Michigan: Levin Announces He Will Retire in ’14
Posted at 5:22 p.m. on March 7
Levin announced he won't run again in 2014. (Chris Maddaloni/CQ Roll Call File Photo)
Updated 7:37 p.m. | Michigan Democratic Sen. Carl Levin announced Thursday that he will retire at the end of 2014.
The chairman of the Armed Services Committee, first elected in 1978, is the longest-serving senator in Michigan history and will turn 80 before Election Day next year.
In a statement, Levin said the decision not to seek another term was “extremely difficult.”
“I love representing the people of Michigan in the U.S. Senate and fighting for the things that I believe are important to them,” he said. “As Barbara and I struggled with the question of whether I should run again, we focused on our belief that our country is at a crossroads that will determine our economic health and security for decades to come. We decided that I can best serve my state and nation by concentrating in the next two years on the challenging issues before us that I am in a position to help address; in other words, by doing my job without the distraction of campaigning for re-election.”
Levin would have been heavily favored to win another term heading into 2014. The six-term senator has not faced a tough contest in almost three decades: He has won with at least 57 percent of the vote since his first re-election in 1984.
It’s unlikely — but not impossible — that the race for Levin’s successor will be competitive. In 2012, President Barack Obama won the Wolverine State by 9 points. In fact, a GOP presidential nominee has not won Michigan since 1988, and the state has only elected one Republican — former Sen. Spencer Abraham in 1994 — to a single term since 1972.
Contenders from both parties could come from the House: Rep. Gary Peters, a Democrat, has said he’s keeping his options open for 2014, and Michigan Republicans said Rep. Justin Amash is eyeing the seat.
Democrats also named Jocelyn Benson, nominee for secretary of state in 2010, and former Rep. Mark Schauer as potential candidates. State Senate Minority Leader Gretchen Whitmer could also consider a bid, though she announced earlier this year that she would not run for governor because of family considerations.
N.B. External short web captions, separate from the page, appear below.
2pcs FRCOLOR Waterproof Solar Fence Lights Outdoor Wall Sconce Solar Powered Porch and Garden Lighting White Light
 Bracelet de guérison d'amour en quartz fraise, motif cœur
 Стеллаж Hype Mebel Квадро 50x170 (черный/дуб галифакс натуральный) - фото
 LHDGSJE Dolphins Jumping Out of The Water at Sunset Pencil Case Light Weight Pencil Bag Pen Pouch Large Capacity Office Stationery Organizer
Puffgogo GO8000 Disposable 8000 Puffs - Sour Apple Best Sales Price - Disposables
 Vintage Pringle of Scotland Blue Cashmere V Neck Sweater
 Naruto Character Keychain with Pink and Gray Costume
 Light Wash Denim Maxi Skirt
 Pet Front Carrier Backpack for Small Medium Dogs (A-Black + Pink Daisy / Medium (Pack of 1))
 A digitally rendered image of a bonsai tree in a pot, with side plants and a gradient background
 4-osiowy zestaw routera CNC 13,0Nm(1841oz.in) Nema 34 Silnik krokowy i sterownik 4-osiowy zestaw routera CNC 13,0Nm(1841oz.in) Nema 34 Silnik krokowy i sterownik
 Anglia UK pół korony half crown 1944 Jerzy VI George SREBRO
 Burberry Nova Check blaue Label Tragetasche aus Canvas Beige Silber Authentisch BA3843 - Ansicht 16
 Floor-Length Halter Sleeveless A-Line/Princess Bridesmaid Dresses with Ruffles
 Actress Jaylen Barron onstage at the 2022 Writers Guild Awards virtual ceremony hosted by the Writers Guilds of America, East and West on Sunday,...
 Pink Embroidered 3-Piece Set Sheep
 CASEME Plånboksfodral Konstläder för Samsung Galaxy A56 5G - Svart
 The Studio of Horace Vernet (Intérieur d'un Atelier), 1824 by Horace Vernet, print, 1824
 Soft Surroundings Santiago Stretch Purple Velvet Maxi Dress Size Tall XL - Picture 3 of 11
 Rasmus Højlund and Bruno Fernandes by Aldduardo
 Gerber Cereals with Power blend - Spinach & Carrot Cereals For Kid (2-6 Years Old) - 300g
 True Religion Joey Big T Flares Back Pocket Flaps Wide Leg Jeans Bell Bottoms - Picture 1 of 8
An attorney by trade, Levin worked for the Michigan Civil Rights Commission in the 1960s. He was elected to the Detroit City Council in 1969, where he served for eight years before running for Senate. In 1978, Levin defeated Republican Sen. Robert Griffin by 4 points.
Update 7:37 p.m.
Republicans on the ground stress that in non-presidential cycles, their candidates do well in statewide campaigns. Democrats admit that the seat is more competitive without Levin, but are bullish — especially if the GOP produces a tea party candidate. “We fully expect to keep Michigan blue in November 2014,” Democratic Senatorial Campaign Committee Chairman Michael Bennet of Colorado said in a statement.
Republicans were already abuzz with prospects as word of Levin’s announcement spread. Reps. Mike Rogers and Candice S. Miller are likely to look at the race. Both have been mentioned before as statewide candidates, and President George W. Bush encouraged Miller to challenge Sen. Debbie Stabenow in 2006.
At least one name from outside the GOP congressional delegation is being floated as well: Lt. Gov. Brian Calley. But one state operative hypothesized that Calley would run for Amash’s House seat if the congressman runs for Senate.
One possible candidate wasted no time in taking his name out of contention. A spokesman for state Attorney General Bill Schuette, a Republican, issued a statement late Thursday saying he wasn’t interested in running.
“Republicans can win in Michigan, as the Governor, Lt. Governor, Secretary of State, and Attorney General have proven,” National Republican Senatorial Committee spokesman Brad Dayspring said in a statement. “That is why we’ve been speaking to local officials and grassroots organizations in preparation for Senator Levin’s potential retirement, and now that groundwork will start to pay off.”